Een vennootschap onder firma is een maatschap die onder gemeenschappelijke naam een onderneming voert, hiervoor gelden ook de art. 16-34 K. Verschillen: bij de vof is elke vennoot vertegenwoordigingsbevoegd op grond van art. 17 lid 1 K en bij de maatschap is de vennoot alleen vertegenwoordigingsbevoegd als de andere vennoten een volmacht hebben verleend, art. 7A:1679 BW. Daarnaast zijn de vennoten bij de vof hoofdelijk aansprakelijk op grond van art. 18 K, terwijl bij de maatschap de vennoten voor gelijke delen aansprakelijk zijn op grond van art. 7A:1680 BW. Beide hebben een persoonsgebonden karakter.

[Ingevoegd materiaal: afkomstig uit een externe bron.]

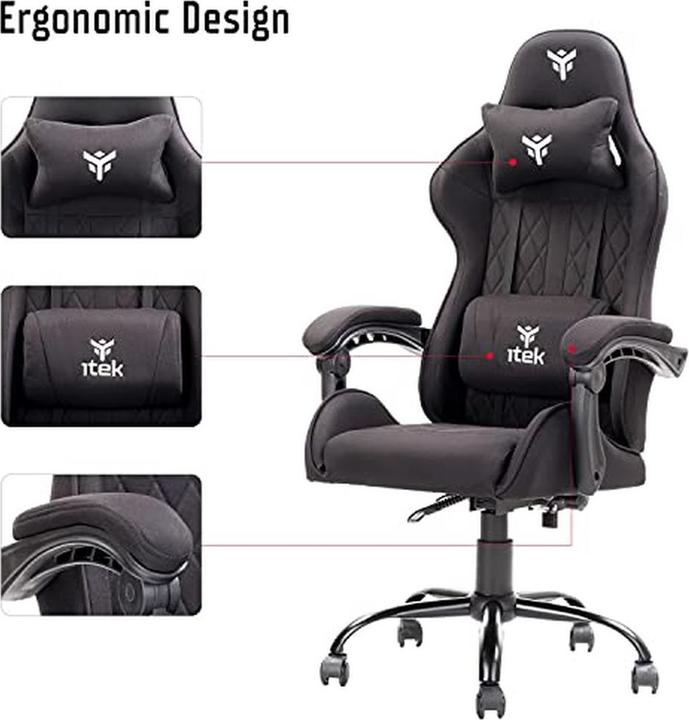 Immagine prodotto Itek Fauteuil Gamer compatibile Rombo FF10 (Noir)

Er zijn drie bepalingen die gaan over de commanditaire vennootschap: art. 19, 20 en 21 K. De commanditaire vennootschap is een samenwerkingsovereenkomst.
Art. 2:53 - 63j BW gaan over de coöperatie. De coöperatie moet bepaalde overeenkomsten sluiten met haar leden.

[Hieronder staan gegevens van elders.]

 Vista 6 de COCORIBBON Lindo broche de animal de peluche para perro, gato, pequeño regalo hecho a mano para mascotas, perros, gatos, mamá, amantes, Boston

Een combinatievorm tussen verschillende ondernemingsvormen noemt men een concern.
De NV, BV en coöperatie zijn rechtspersonen, art. 2:3 BW. Dit betekent dat zij de drager van rechten en plichten zijn. Dit maakt het mogelijk dat rechtspersonen vermogensrechtelijke handelingen verrichten.

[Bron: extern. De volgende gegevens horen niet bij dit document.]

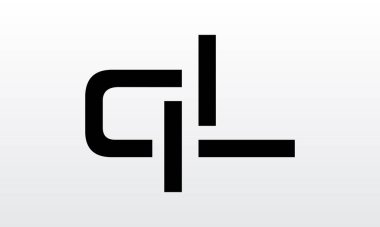 Modern iş tipografi vektör şablonlu ilk harf QL logo tasarımı. Yaratıcı izole QL harf logosu tasarımı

De vereniging en stichting zijn niet gerechtigd om winstuitkeringen te doen, art. 2:26 lid 3 en art. 2:285 lid 3 BW. Een uitkering in strijd met deze artikelen maakt het mogelijk dat de rechter de vereniging/stichting kan ontbinden op verzoek van het OM of een belanghebbende, art. 2:21 lid 3 BW. Een stichting mag geen leden hebben, de vereniging wel (deze heeft een ledenvergadering).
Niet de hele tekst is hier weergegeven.